# Exterior front door casing damage by interior trim carpenter



## sahk (Jul 5, 2013)

My front door had not closed properly in years -- it stuck in a couple different places, took a really heavy hand to open it, and was just plain out of alignment (the easiest way I can say it). My interior trim carpenter said he would fix it as he was there doing other projects in the house. He removed the interior door casing to add shims and align the jamb. While it appears he fixed it from the inside (the door doesn't stick and opens smoothly now), you will see that the exterior casing on the opposite side has now protruded out about 1/4 to 1/3 inch. The separation is on the handle set side only, both top and hinge side did not separate. 

My question is how severe is this? Is it something that can be expected when he fixed the alignment and jamb? Can I simply caulk the exposed area and repaint it? Or do I need to do something more, like install new casing for the exterior side of the door?
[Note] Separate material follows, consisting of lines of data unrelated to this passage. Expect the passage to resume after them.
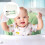 1 Set Stainless Steel Baby Spoon Fork Tableware Set 3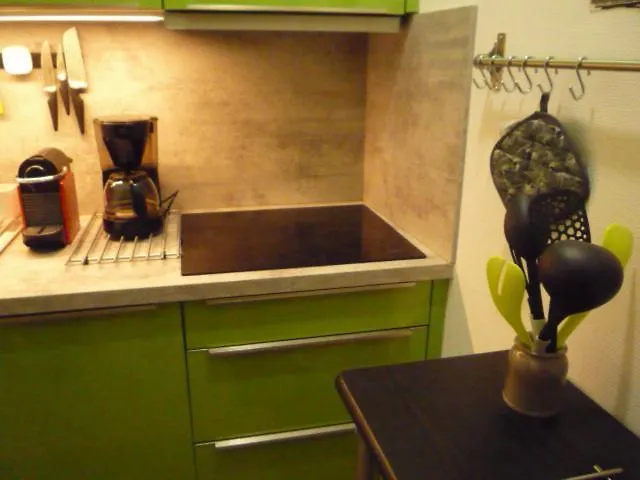 Apartment Demain L'ocean Hyper-centre - Sans Le Kit Linge Ni Menage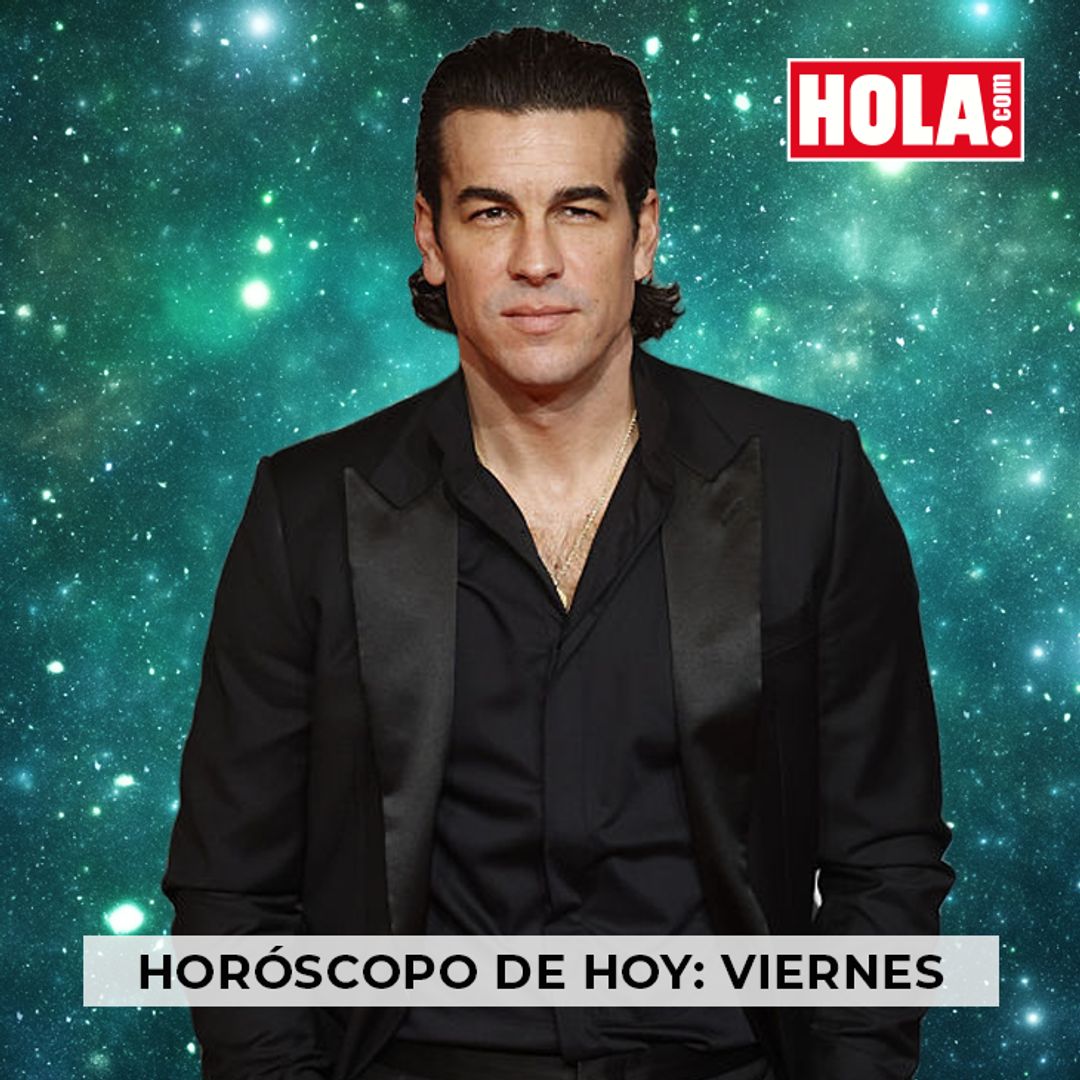 Horóscopo de hoy, viernes 12 de junio, consulta lo que dice tu horóscopo diario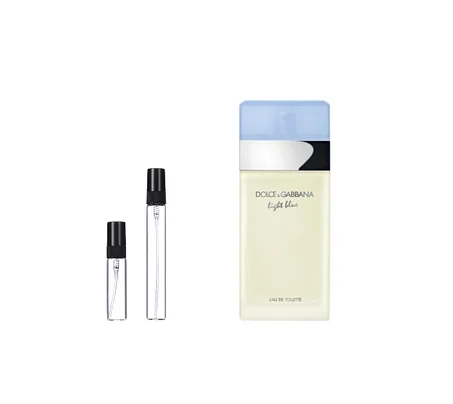 Dolce&Gabbana - Light Blue (Eau de Toilette)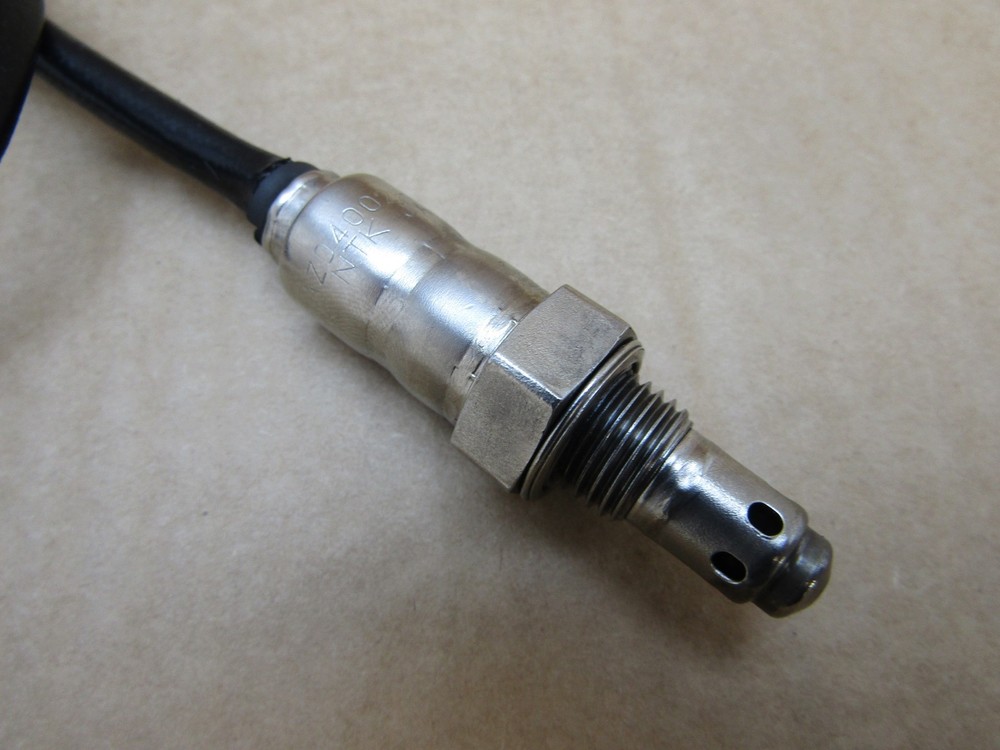 SYM Jet X 125 E5 2023 894 miles lambda sensor (15112)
Thank you all for your input! Seems like you fix one thing in an old house and it leads to two things breaking.


----------



## gowings (Jun 17, 2013)

2 options. 


I would get some expandable foam in the can. For windows and doors. It has minimal expansion. Fill the void/ crack flush with the wall or a little less leaving a say 1/8" then I would caulk it with exterior latex caulking. Since the door was reset and now is closing properly you have little choice.
Get some molding to hide the now shown crack, paint and caulk it.


----------



## DaveTTC (May 25, 2012)

If the casement feels solid and secure and you are happy to fill and paint then that is all I would do. In Australia we have a variety of gap fillers you squeeze out of a tube with a chalking gun. 

A better brand (here Selleys No More Gaps) is the choice as the paint does not seem to crack as frequently compared to painting over a cheaper filler.


----------